## Exercise prompt
From the material below, retype exactly the lines that begin at the line with "Spend the extra" and end after the line with "Once the sensors"; pictures stay out of the copy.

## Data to examine
_____
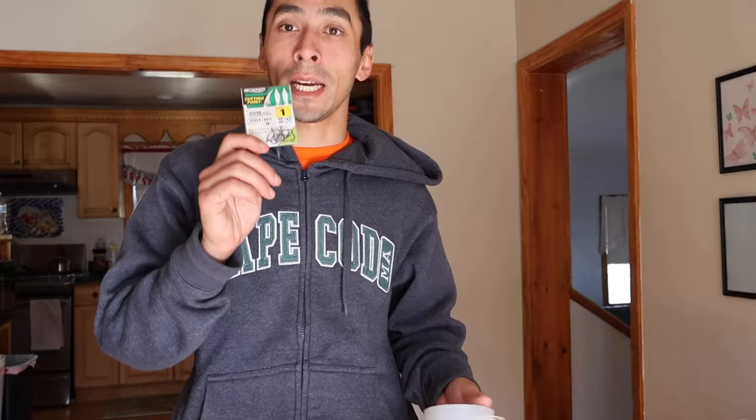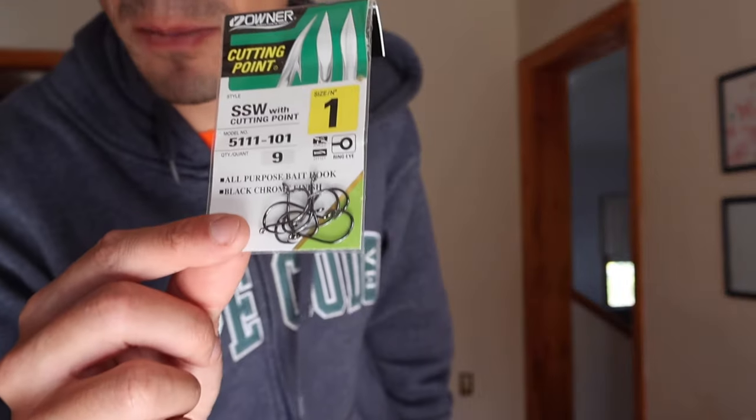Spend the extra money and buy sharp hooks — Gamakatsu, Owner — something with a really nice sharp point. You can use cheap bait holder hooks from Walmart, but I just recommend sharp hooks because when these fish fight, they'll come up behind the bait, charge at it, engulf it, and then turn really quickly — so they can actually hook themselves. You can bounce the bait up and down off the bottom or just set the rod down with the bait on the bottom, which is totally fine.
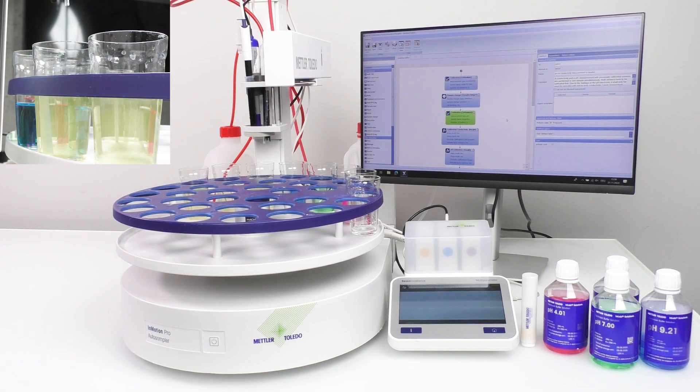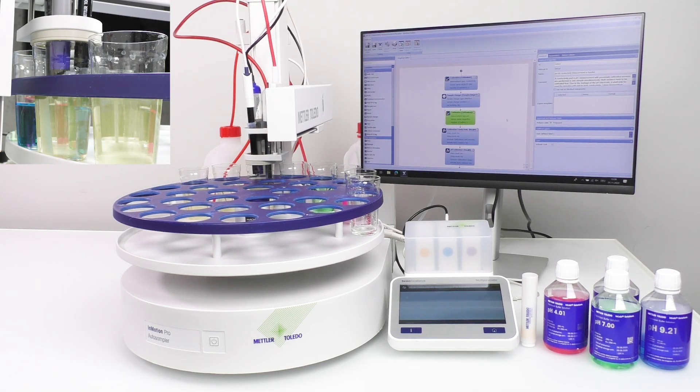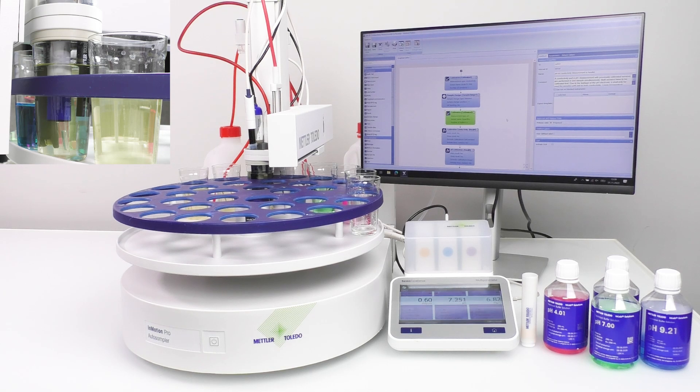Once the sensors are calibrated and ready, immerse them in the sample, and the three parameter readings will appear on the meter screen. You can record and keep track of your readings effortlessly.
_____
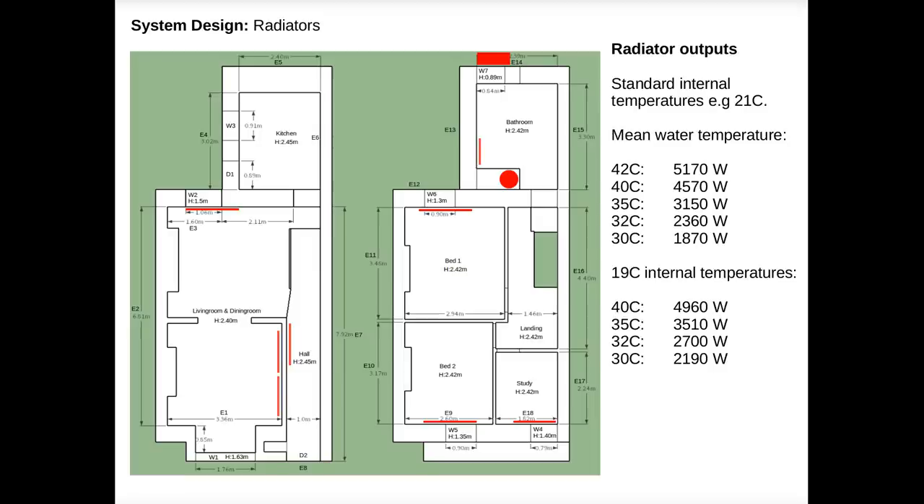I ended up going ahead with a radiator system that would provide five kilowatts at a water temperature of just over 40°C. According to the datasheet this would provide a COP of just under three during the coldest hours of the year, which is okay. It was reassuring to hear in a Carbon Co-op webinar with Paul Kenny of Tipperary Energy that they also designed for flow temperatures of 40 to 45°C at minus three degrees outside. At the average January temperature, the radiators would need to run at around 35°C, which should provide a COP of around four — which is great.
_____
## Finished exercise
Spend the extra money and buy sharp hooks — Gamakatsu, Owner — something with a really nice sharp point. You can use cheap bait holder hooks from Walmart, but I just recommend sharp hooks because when these fish fight, they'll come up behind the bait, charge at it, engulf it, and then turn really quickly — so they can actually hook themselves. You can bounce the bait up and down off the bottom or just set the rod down with the bait on the bottom, which is totally fine.
Once the sensors are calibrated and ready, immerse them in the sample, and the three parameter readings will appear on the meter screen. You can record and keep track of your readings effortlessly.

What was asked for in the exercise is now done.